I was hoping some more experienced/knowledgeable members could share some songs (I suppose we can find them ourselves on Youtube or in the mp3 collection, etc.) that make use of effects so those of us just starting to train our ears or figure out which effects we're interested in could have a place to go from.

For example, beside the effect put a song or two or ten that makes use, and preferrably if you can, the minute:second mark where it's audible:


Delay
Reverb
Chorus
Flanger
Fuzz
Looper
Phasing
Tremolo
Wah
Octave

Add more by all means, that's what I could gather at the moment. And if a song makes use of the effect for the entire song (i.e., a Hendrix joint w/fuzz), go ahead and still mention it of course. Hopefully this isn't too bad an idea.


----------



## devnulljp (Mar 18, 2008)

You're going to have to break down some of those categories a bit. Fuzz for one is a huge bag -- you're going to have Si/Ge fuzzface tones, tonebender (mk 1, 1.5, 2...), big muff are the big three, but there's lots more () and they all sound pretty different.
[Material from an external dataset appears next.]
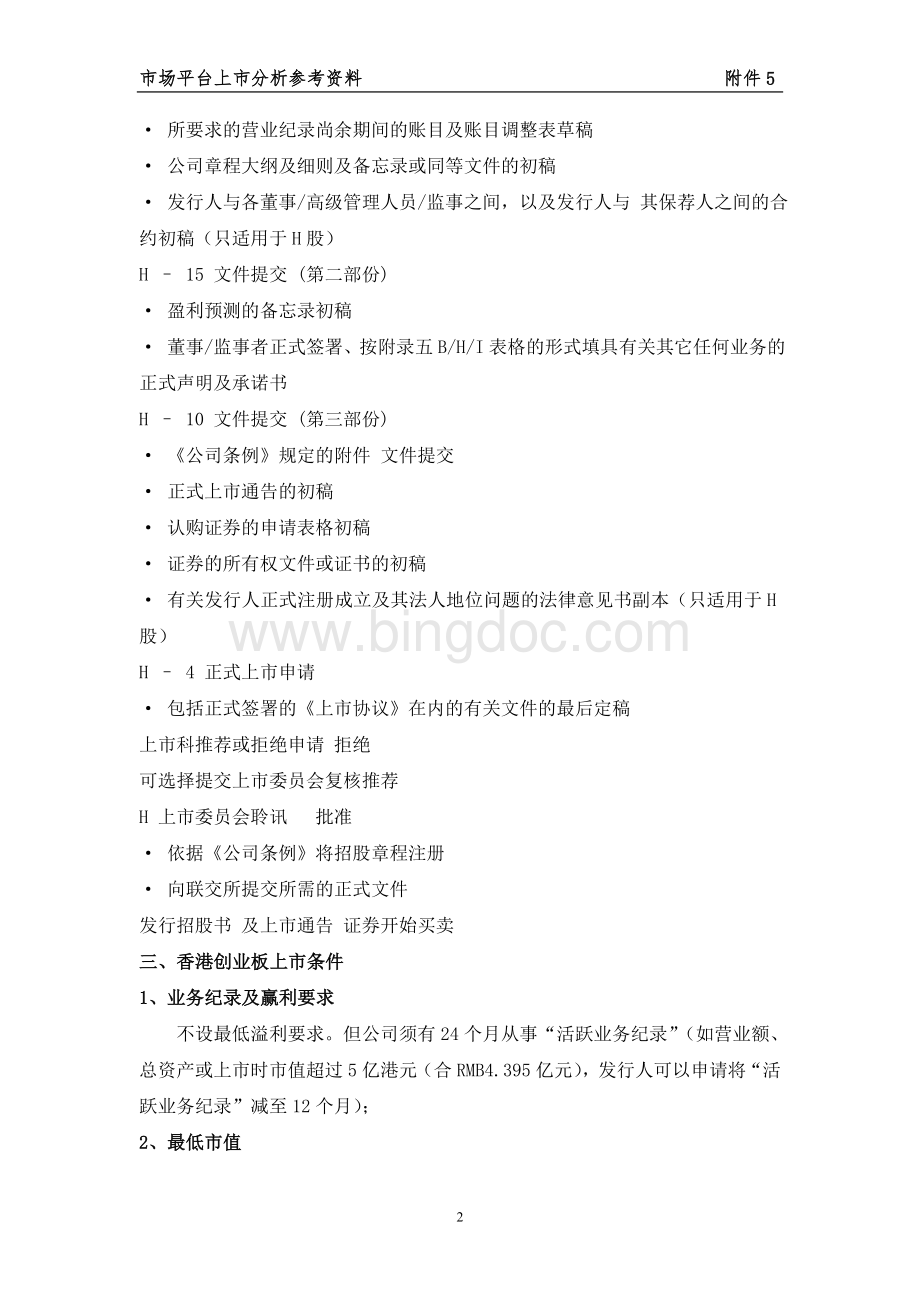 香港主板和创业板上市条件及流程文档格式.doc_第2页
But I'll jump in with looper. This is Bill Frisell, and he's using two loopers -- a DL4 and a PSD8000. 
There's a lot of delay in there too (again, there are lots of different types of delay sounds).

[youtube=Option]Svzv-YkUzdk[/youtube]

* Delay Everything by U2, Pink Floyd, Cocteau Twins, Charlie Burchill's sound with Simple Minds is classic digital delay. if you want to hear vintage tape delay, the Billy Cobham Spectrum album with Tommy Bolin (echoplex), Thin Lizzy Live and Dangerous has Brian Robertson's WEM Copycat all over it (listen to Still in Love with You), Eric Johnson
uses echoplexes, that's a univox tape delay on Van Halen's Eruption. 
* Reverb Wicked Game -- Chris Isaak is pretty obvious. Duane Eddy, Danny Gatton, rockabilly stuff.
* Chorus '80s Police, Rush
* Flanger Cradle will Rock by Van Halen, that's a flanger right? 
* Fuzz Big Muff = Robert Fripp, Smashing Pumpkins, Dave Gilmour; Ge fuzz face Are you Experienced / Si fuzz face Band of Gypsies ; Tonebender Mk I - Beatles Revolver / Tonebender Mk II Led Zeppelin I.
* Looper Bill Frisell / Robin Guthrie (Cocteaus)
* Phasing Pink Floyd Breathe 
* Tremolo Ry Cooder Paris Texas is a classic
* Wah the obvious ones are Voodoo Child by Jimi and White Room by Cream, Michael Shecnker is known for the cocked wah thing -- listen to Obsession by UFO -- he uses the wah as more of a tone control. Also, again Brian Robertson in Thin Lizzy -- just listen to the solos on Live and Dangerous. Tasty crybaby. For funk, Isaac Hayes' theme from Shaft is almost a parody of the 70s it was lifted so much -- that's a Maestro Boomer wah.
* Octave Octave up? Machine Gun by the Band of Gypsies Octave down? White Stripes Blue Orchid Rory Gallagher used a blue box (listen to the outro on Slumming Angel on Fresh Evidence...I think that's a blue box, but it could be a Boss OC2), Smashing Pumpkins Bullet with Butterfly Wings used one too I think.


----------



## hollowbody (Jan 15, 2008)

Flanger - The Police - Message in a Bottle, Driven to Tears etc. - Andy Summers used an Electro Harmonix Electric Mistress and his flange is classic. You can also check out The Cure's A Forest.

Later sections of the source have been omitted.